Suresh Din and Hemant Kumar Maharaj were sentenced in the Auckland District Court last July for corruptly obtaining public funds from North Shore City Council.
Maharaj was convicted of 13 charges of dishonestly using a document, using a document with intent to defraud and perverting the course of justice.
Din was convicted of 18 charges of dishonestly using a document and using a document with intent to defraud.
Maharaj was jailed for two years and 10 months and Din was sentenced 10 months' home detention and 350 hours of community service following a Serious Fraud Office (SFO) prosecution.
Their offending occurred over a period of about 10 years while Maharaj was working for the North Shore City Council.
The duo formed an agreement to invoice the council for road and berm maintenance work, however the work was never completed.
They used 151 invoices in their scheme, with Din submitting the invoices under the name of S Din Family Trust.
Din appealed against all his convictions on the basis that errors by his lawyer during the trial resulted in a miscarriage of justice.
Maharaj appealed against six of his convictions on the grounds that errors by his lawyer and the trial judge resulted in a miscarriage of justice.
He also argued his sentence was manifestly high as a result of the starting point being too high.

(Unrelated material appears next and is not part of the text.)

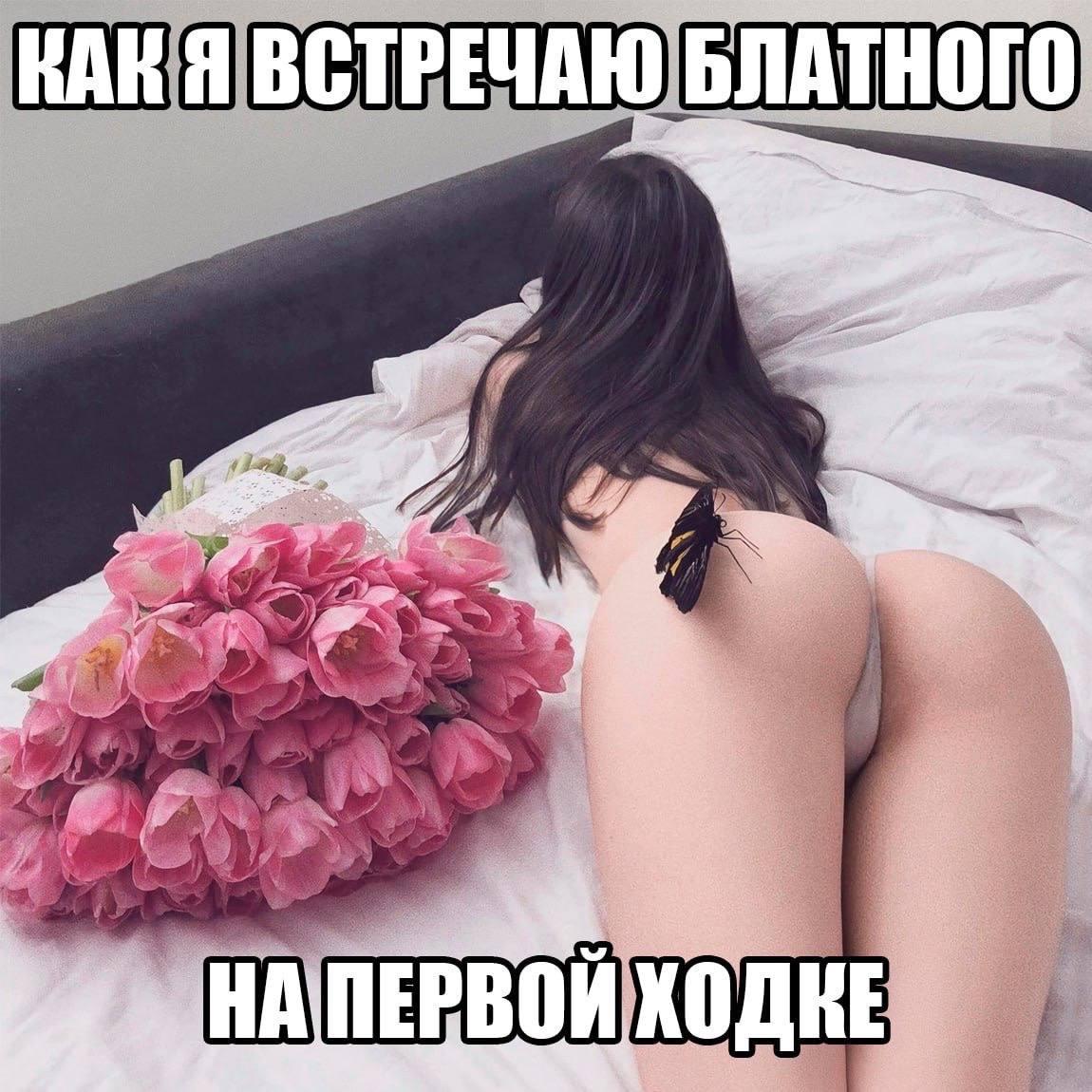 А 4 4 ПЕРВОЙ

Justices Rhys Harrison, Patricia Courtney and Denis Clifford allowed Din's appeal against 11 of his 18 convictions and said because he had almost served his home detention sentence, they would not order a retrial.
But they dismissed his appeal against the remaining convictions, which related to money he received from the council.

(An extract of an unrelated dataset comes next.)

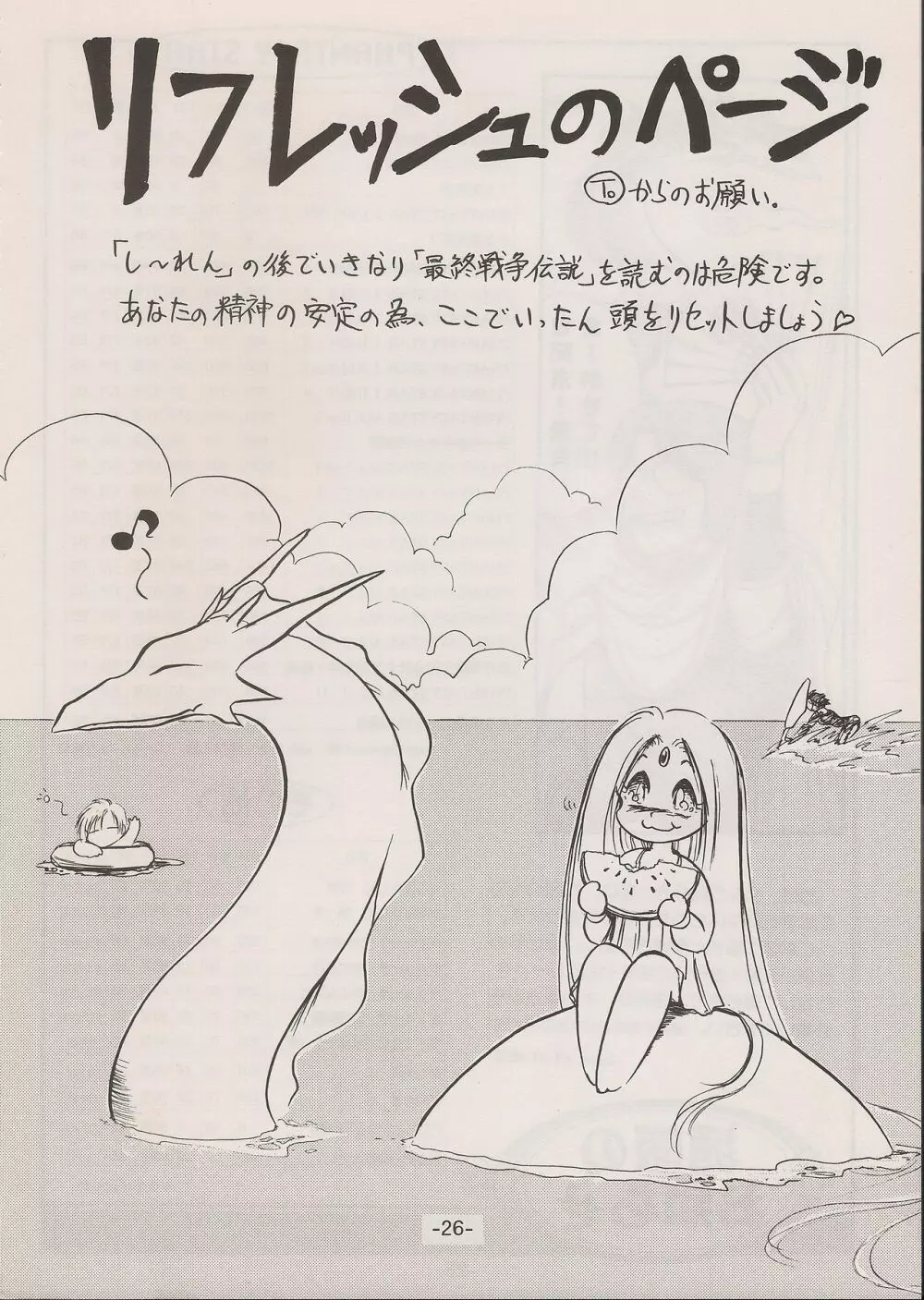 PHANTASY STAR ALL!! 11 - page26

The justices said because Din was advised by his lawyer not to give evidence during the trial and his lawyer erred in the type of defence available to him, Din was deprived of a fair trial.
They dismissed Maharaj's appeal against his convictions and sentence.
In regards to Maharaj, the justices said the sentencing judge's starting point was accurate considering his sustained effort to defraud his employer.
They dismissed his arguments relating to his convictions as having no substance.